Radio stations shutting down? Not a surprise.

Nov 16, 2024

(Photo credit: Muhammed ÖÇAL, Unsplash.com.)

This past summer, me—along with many others—said goodbye to my alma mater. My radio alma mater, that is.

 CHML, broadcasting at 900 khz on the AM dial from Hamilton, Ontario, Canada, shut down operations for good on August 14, 2024 at approximately 12 noon after almost 97 years of continuous broadcasting. This came as a shock to many Hamiltonians—including those working at the station.

 There was no grand announcement that such an event was about to take place. Newsman Paul Tipple did his final newscast at 9:30am and announced the next newscast coming up at 10:00am. Except that newscast didn’t happen. The music bed that usually plays underneath the newscast played out at the time by way of computer automation (a popular way to cut costs in the radio business), but no actual person was in the studio to keep listeners up to date on the current events of the hour. The staff were reportedly told that the station was being shut down effective immediately and were escorted out of the building. Some staff members that weren’t working at the time were cruelly informed of their recent unemployment status by reading about the station’s closure on social media.

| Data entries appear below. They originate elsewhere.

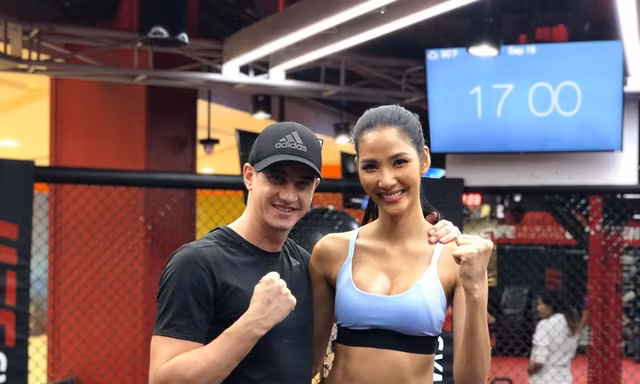 Hoàng Thuỳ khoe vòng eo gợi cảm, tích cực tập luyện cho Miss Universe 2019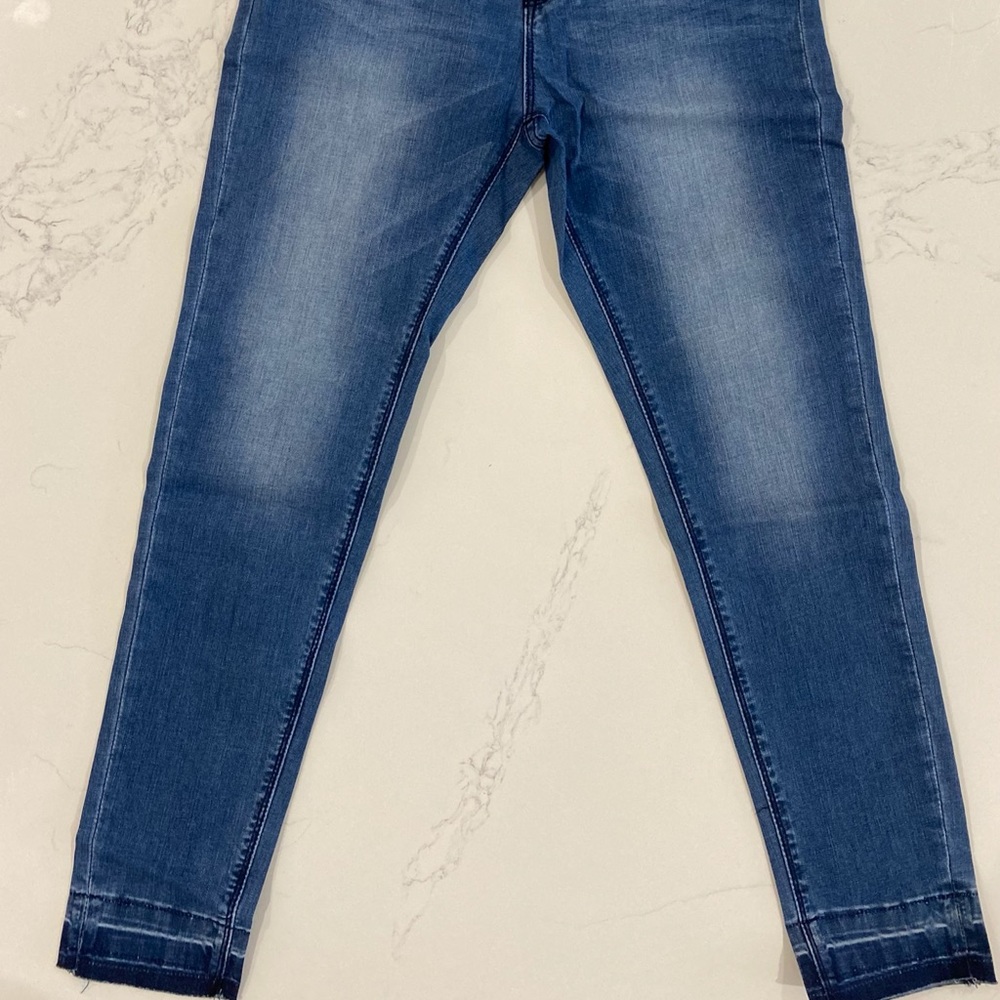 💙Jeans - Picture 3 of 4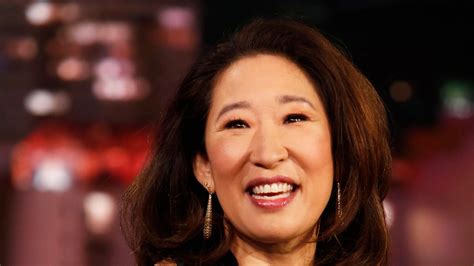Sandra Oh Becomes First Asian Woman To Receive Lead Actress Emmy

 The station chugged along like this for about a couple of hours until a disembodied male voice came on and informed listeners that the station was shutting down due to declining revenues over many years. (The voice was presumably that of a Corus Entertainment executive, the company that owned the station). The voice then thanked listeners and advertisers for their loyalty over the years before finally going dark. (Ironically, 21 years to the day of the big blackout that crippled a good portion of Canada and the U.S. for about a whole day in many parts).

 I didn’t actually hear it live (although you can hear CHML’s final moments on YouTube, which was posted there shortly after it occurred), but I did read about it almost immediately online. Bad news travels fast.

My initial reaction? It came as somewhat of a surprise, but I wouldn’t say it was a shock. The reason I say that is because anyone who has been following Corus’ bleak financial picture, as I had, knew that the company had been bleeding red ink for quite some time. Multiple cutbacks had been rippling throughout the Corus chain, and shutting down stations (particularly AM) has become a way of life in Canada and the U.S., so it wasn’t unforeseeable that something like this would eventually occur.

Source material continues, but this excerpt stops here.